The only thing I buy from HD are the items that come off the shelf, in to the cart and check out without asking for help.
If I buy a shower door, I get it from the plumbing supply house.
If I but paint, I go to SW or Duron.
If I buy lumber, it's from the lumber yard.
I have tried to buy from HD but for me the wheels stop rolling when I ask for help at HD.
and it' good to know that my 30% is spent else ware.:clap:


----------



## rselectric1 (Sep 20, 2009)

Wow, I started a thread in the electrician forum a day or so ago about the very same issue.
For me, HD is always a couple minutes away from my jobsites, the company that starts with M at least doesn't compete with us, but carries brand names for the most part that are of little value unless you want to grocery shop during parts runs, and the "L" I have not yet ever visited.
My supply house (electrical) is awesome, and I feel guilty buying things from HD but you know how it is. They are only a mile down the street and the supply house trip will take about an hour.
The thread I started in the electrical forum was to ask what type of threshold you guys might have to justify the longer trip to the supply house who has saved every one of us when we needed a hard to find part. Mine is currently $200 in estimated materials.


----------



## WilsonRMDL (Sep 4, 2007)

I usually like to help out the smaller local supply/lumber yards. But when I'm in a hurry and can't stand around waiting forever for a sales guy to ring me up, then go out to the yard and wait for some kid to get my order together, then load it on the truck, I go to HD. Another problem I have with the local lumber yards is that since I'm not a "big" business and I dont give them 100k of sales a year they seem to be kinda rude, at least some of the yards in the area.


----------



## nEighter (Nov 24, 2008)

WilsonRMDL said:


> I usually like to help out the smaller local supply/lumber yards. But when I'm in a hurry and can't stand around waiting forever for a sales guy to ring me up, then go out to the yard and wait for some kid to get my order together, then load it on the truck, I go to HD. Another problem I have with the local lumber yards is that* since I'm not a "big" business and I dont give them 100k of sales a year they seem to be kinda rude, at least some of the yards in the area.*


:notworthy is why I posted the comment above.


----------



## Mike Finley (Apr 28, 2004)

WilsonRMDL said:


> Another problem I have with the local lumber yards is that since I'm not a "big" business and I dont give them 100k of sales a year they seem to be kinda rude, at least some of the yards in the area.


It's hard to imagine that after 10 years of utter decimation of the local lumber yards by the big boxes, and not to mention this current economic climate that lumber yards are still pulling that sh*t.:thumbdown


----------



## RobertCDF (Aug 18, 2005)

Yea I don't like most of the real lumber yards here because they don't want much to do with us as we are still small.
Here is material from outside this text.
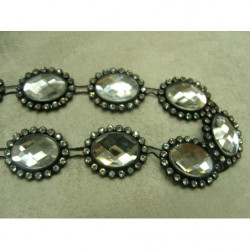 ruban strass ovale argenté sur fond noir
The thing is the yards that have jacked me over will not get my business again... Can't wait till they call someday when we are bigger and I can tell them off. 
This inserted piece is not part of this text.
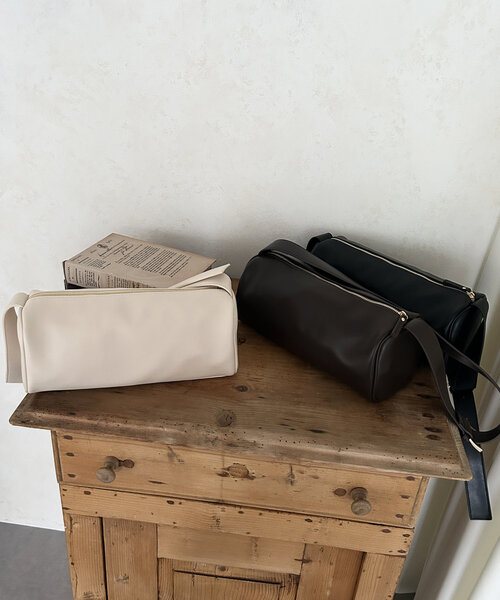 Thevon（ゼボン）の「スクエアショルダーバッグ（トートバッグ・レディース・アイボリー/ブラック/ダークブラウン・FREE）」の6枚目の写真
Now if I walk into the HD that I shop at 70% of the staff know me by name and they know what I do. We talk about tools and toys. I can call them even from another store and they will look up SKUs for me and tell me what store has what I need. Do I think they need to offer us a discount... YES as far as customer service goes... I get way better service at HD than I do at the local lumber yards.


----------



## mattp (Apr 5, 2006)

My lumber yard is great. They have a building were all the roofing supplies are stored. I just pull in there with my helper load what i need and call them on my way out and they write the ticket. Never even have to go into the store. All my shingles are brought up on a lift within 15 min of a phone call.


----------



## AustinDB (Sep 11, 2006)

I use lowes quite often but it's a matter of convenience and speed. My local lumber yard is awesome-I know the people, they have friendly staff but the time issue of sales/payment and driving into the yard hoping one of the loaders sees me drive back. on occasion, I've loaded my own stuff because no one came to help. I try not to go to the HD in my area b/c of the lack of friendly faces, all though this has improved slightly in the last year or two.


----------



## JumboJack (Aug 14, 2007)

Lumber,windows and doors I go to the lumber yard (Ganahl).Tile I use a few tile suppliers.Flooring same thing.Paint I use Frazee.
I use HD whenever I have to...


----------



## AtlanticWBConst (Mar 29, 2006)

Lumber = We buy from the Lumber Yards.
Small incidentals, and quick pick-up things = Home Depot. The workers have HD Commercial account cards, so that they can run-out and buy anything they are short on, or need, to keep things moving.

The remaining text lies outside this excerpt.